For the second time, she found herself holding her breath as the agent left. The one who had released Maalik. And Maalik spoke. There was a different tone and cadence to his voice now that they were alone. Wait. What was he doing? Before she had time to move or react, his hand was lightly pressing into her side again.

The healer was keenly aware of only a thin bandage separating flesh from meeting flesh. His fingers were close to her stomach and close to one of the many tattoos she'd inherited from the female pirate's body, that wrapped along her lower back. Even when he moved his hand away, he was still close. And her side still tingled where his hand had just been. Warmth was spreading to her cheeks.

"C'mon," without hesitating, she grabbed his hand and if he allowed her to do so, she'd lead him out of that room. She felt too exposed here. There probably wasn't anyone staying behind that one-way glass but she wasn't taking any chances. Ignoring those she passed in the corridors, her footsteps quickened until she tried a door on the left. It slid open into a small, empty training room. There were a few crash-pads on the floor and some combat weapons on the wall. The door swished shut behind them.
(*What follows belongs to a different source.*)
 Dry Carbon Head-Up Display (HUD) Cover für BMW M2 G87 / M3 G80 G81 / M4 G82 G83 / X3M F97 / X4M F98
Green hand still gripped his blue one as she finally lifted her pair of myrtle ellipses to meet his pair of magma orbs. "I'm glad you said something because I honestly thought you might resent me. When we first met with that mess with the Alliance and dragging you into a war. Shooting you...," lips twitched as she searched his face.

"I'm fond...I like," she fumbled over her words, feeling herself get flustered. "I like you too," she gulped, feeling like a teenager. And maybe in some ways she was in experience. "We barely know each other. Why ARE you so fond of me? At least I know you can take a blaster shot to the chest."

There was a small smile on her purple lips. Heat and tension was still everywhere else.